MERSİN - Kaçak bir şekilde işletilen plastik geri dönüşüm işletmelerinin sağlıklarını tehlikeye attığını belirten Şevket Sümer Mahallesi sakinleri, bu duruma kayıtsız kalan Akdeniz ve Toroslar belediyelerini bir an önce sorumluluklarını yerine getirmeye çağırdı.
Doğası taş ocakları, enerji santralleriyle tahrip edilen ve tarım alanlarını yapılara açılarak, betonlaştırılan Mersin’de, çevre sorunları gelecek için ciddi tehdit oluşturmaya başladı. Yapılaşmaya açılan bölgelerde, denetimsizlikler nedeniyle oluşan çevre sorununa ise belediyeler duyarsız. Bu yerleşim yerlerinden biri de Akdeniz ilçesine bağlı Şevket Sümer Mahallesi. Yoğunlukta Kürtlerin yaşadığı mahalle, kaçak işletmeler nedeniyle yaşanılmayacak duruma geldi.
HASTALIKLARA NEDEN OLACAK
Akdeniz ve Toroslar belediyelerinin sınırları içerisinde yer alan mahallenin 5996’ncı sokağında bulunan bölge için 2016 yılında yapı ruhsatı verildi. Mahalle sanayi bölgesi olmamasına rağmen kimi işletmelere faaliyetlerini sürdürmeleri için izin verilirken, denetimlerin yetersizliğinden dolayı kaçak olarak faaliyet gösteren kimi işletmeler ise canlı yaşamını tehlikeye atıyor. Bölgede ruhsatsız bir şekilde işletilen plastik geri dönüşüm işyerlerinin yarattığı hava kirliliği, kanser, akciğer ve astım gibi hastalıklara davetiye çıkarıyor.
BELEDİYELER TOPU BİRBİRİNE ATTI
Kaçak çöp ve molozların da döküldüğü bölgedeki çocuklar, oyun alanlarının bulunmamasından dolayı da bu alanlarda zaman geçiriyor. Mahalleli, yetkililerden hem çevre kirliliğini ortadan kaldıracak önlemler hem de çocuklar için oyun alanlarının kurulmasını istedi.

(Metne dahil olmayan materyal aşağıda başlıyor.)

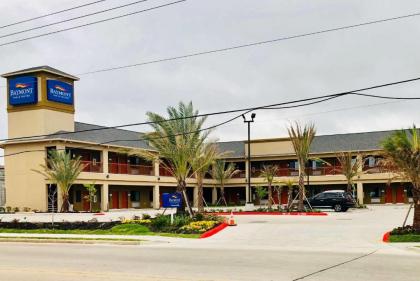 Baymont by Wyndham Houston Hobby Airport - image 1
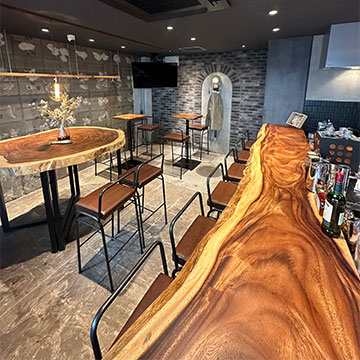 人が集まるお店のシンボルに(モンキーポッド無垢一枚板ダイニングテーブル)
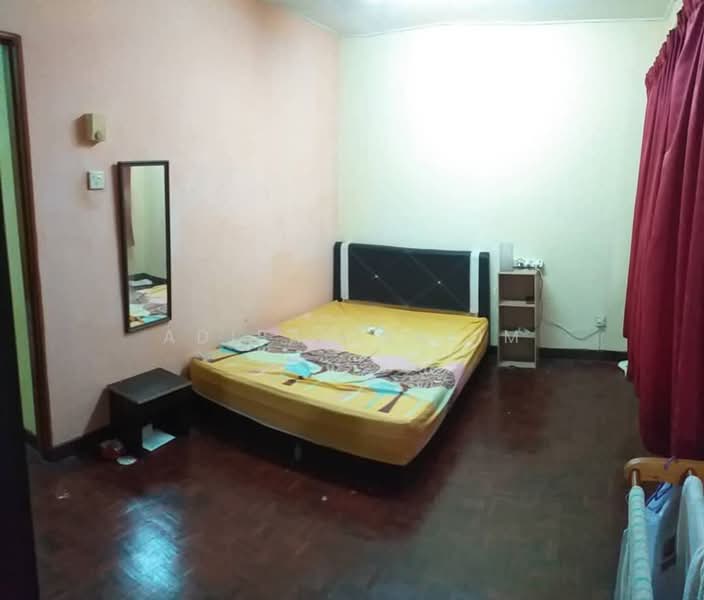 Rumah Teres 2 Tingkat untuk Dijual di Taman Bukit Saga (Shah Alam) - Adibah Salim - Bedroom - PropertyGuru.com.my
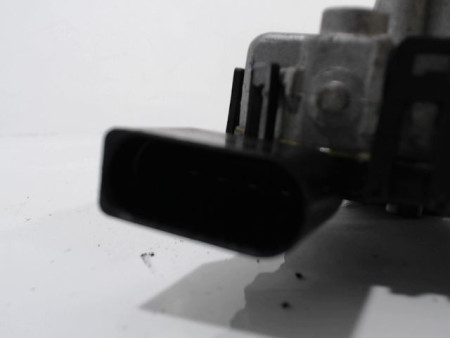 MOTEUR ESSUIE-GLACE AVANT VOLKSWAGEN POLO 2009-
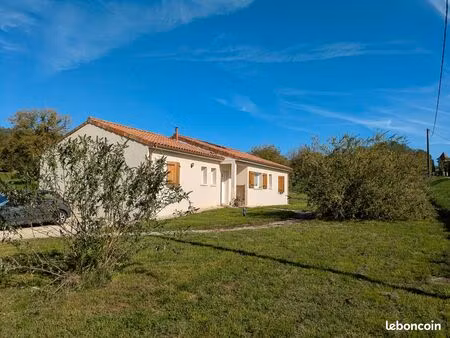 maison de plain-pied 103 m² sur terrain de 2242 m²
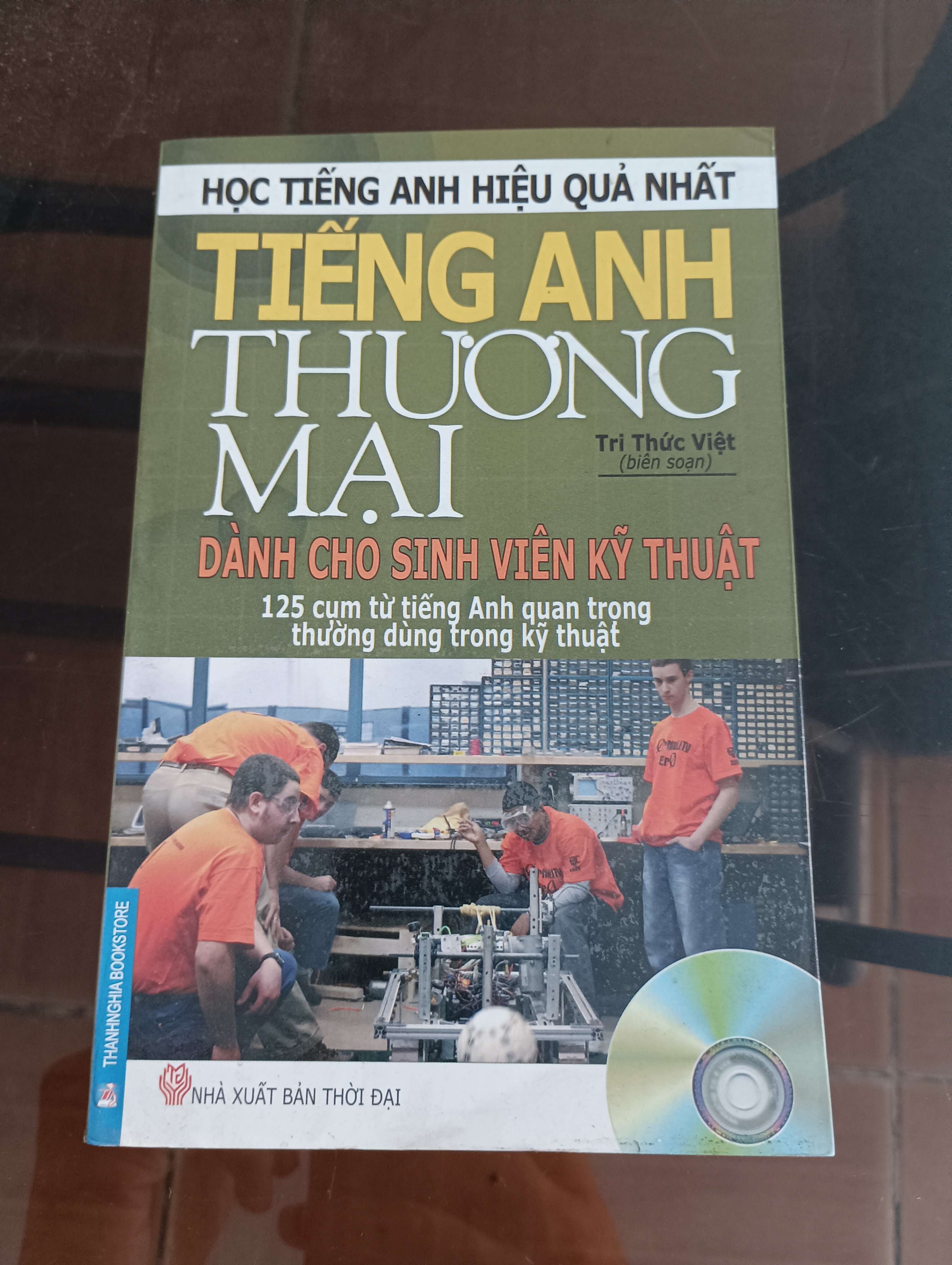 Tiếng Anh Thương Mại Dành Cho Sinh Viên Kỹ Thuật (Học Tiếng Anh Hiệu Quả Nhất) - Trí Thức Việt Mới 90% 2010 (Sách học ngoại ngữ) VAVO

Mahallede 2 buçuk yıldır yaşayan Mehmet Salih Bengi (41), sorunların çözümüne ilişkin birçok kez aradıkları büyükşehir ve Akdeniz belediyesinin topu birbirine attığını söyledi. Yaşadıkları bölgede hem çöp hem de plastik yakımı sorunu olduğunu dile getiren Bengi, belediyelerin herhangi bir önlem almamasına tepki gösterdi. Yakılan plastiklerin çevreye yaydığı kimyasal maddelerin evlerinin içerisine kadar geldiğini belirten Bengi, bunun da sağlıklarını tehlikeye attığının altını çizdi. Yetkililerin denetim yapmamasından kaynaklı çevreyi kirletenlerle sık sık gerginlik yaşadıklarını aktaran Bengi, “Mahallede yoğunlukta Kürtler yaşıyor. Kürt olduğumuzdan kaynaklı mı önlemler alınmıyor?” diye sordu.
ÜRETİM GECE YAPILIYOR
Mahallede 3 yıldır yaşayan Numan Salman da, bölgedeki çevre kirliliğine dikkati çekerek, “15 günlük bir çocuğum var. Sağlığından korktuğumuz için pencereleri açamıyoruz. Çocuğumun hava alması için gün içerisinde mecbur daha uzaklarda bulunan akrabalarımıza gönderiyoruz” dedi. Çevrelerinde plastik üretimi yapan işletmelerin olduğunu dile getiren Salman, özellikle üretimin gece saatlerinde yapıldığını ve bundan kaynaklı da pencerelerini açamadıklarını vurguladı.
ZEHİR SAÇILIYOR
Yetkililer tarafından ötekileştirildiklerini ifade eden Salman, şöyle dedi: “Kentin elit bölgelerinde acaba böyle bir sorun var mı? Burası zehir kokuyor. Biz Kürdüz, Aleviyiz ve yoksul olduğumuz için ötekileştiriyoruz. İllaki bu sorunların çözülmesi için Türk mü olacağız ya da elit yerde mi yaşamamız lazım. Biz insan değil miyiz? Neden buraya konut yapımına izin verdiniz? Ya bizim evlerimizi ya da işletmeleri yıkın. Çocuklarımızda kalıcı hastalıklar oluşacak. Çocuklarımızın ve bizim sağlımızda oluşacak olumsuz bir durumdan yetkililer sorumlu olacaktır. Nasıl bir vicdana sahipsiniz?”